======== Records shown ========
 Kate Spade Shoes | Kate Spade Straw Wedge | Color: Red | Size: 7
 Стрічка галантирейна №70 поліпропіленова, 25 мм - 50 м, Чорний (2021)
========
======== Records shown ========
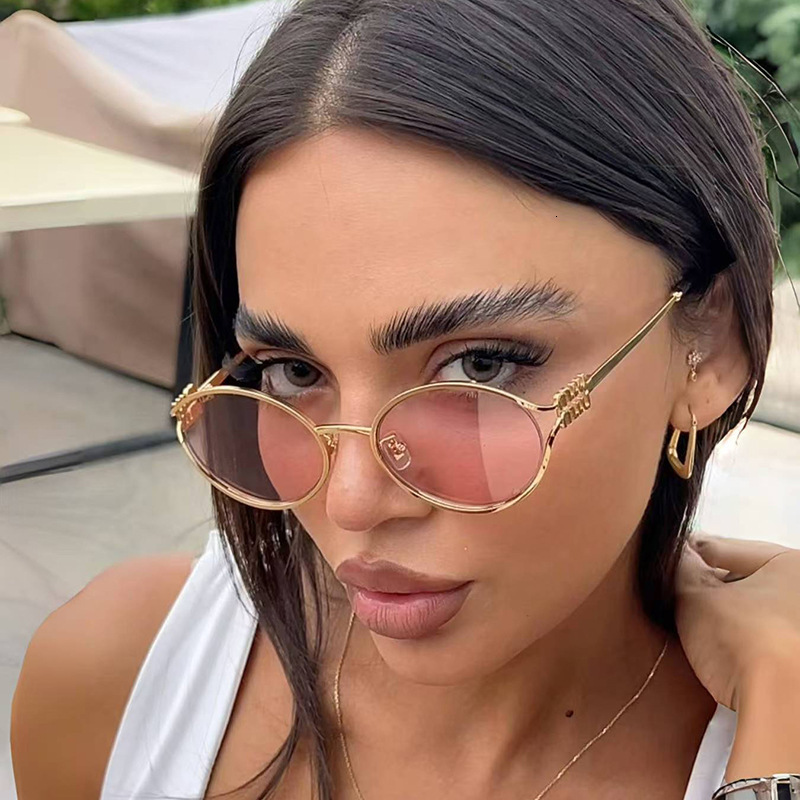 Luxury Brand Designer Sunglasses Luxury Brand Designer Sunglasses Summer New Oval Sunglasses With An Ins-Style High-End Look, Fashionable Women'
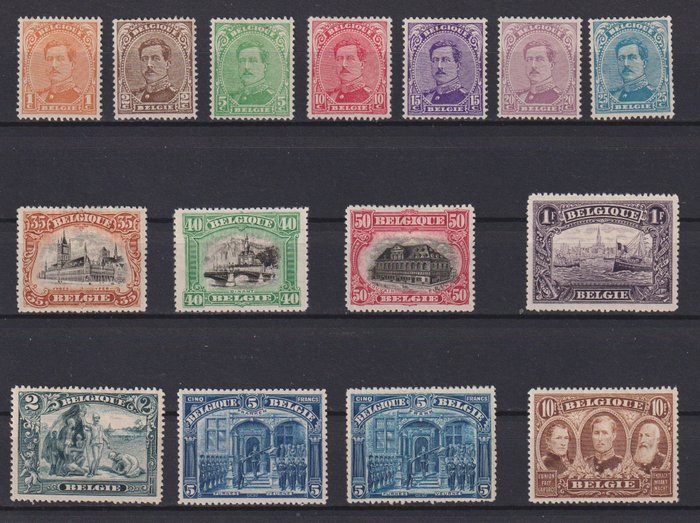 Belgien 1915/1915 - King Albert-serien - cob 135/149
========
What to work on
Above are records; write out the lines from the one with "Luxury Brand Designer Sunglasses Luxury" down to the one with "Belgien 1915/1915 - King", exactly, leaving the pictures out.

Answer below
 Luxury Brand Designer Sunglasses Luxury Brand Designer Sunglasses Summer New Oval Sunglasses With An Ins-Style High-End Look, Fashionable Women'
 Belgien 1915/1915 - King Albert-serien - cob 135/149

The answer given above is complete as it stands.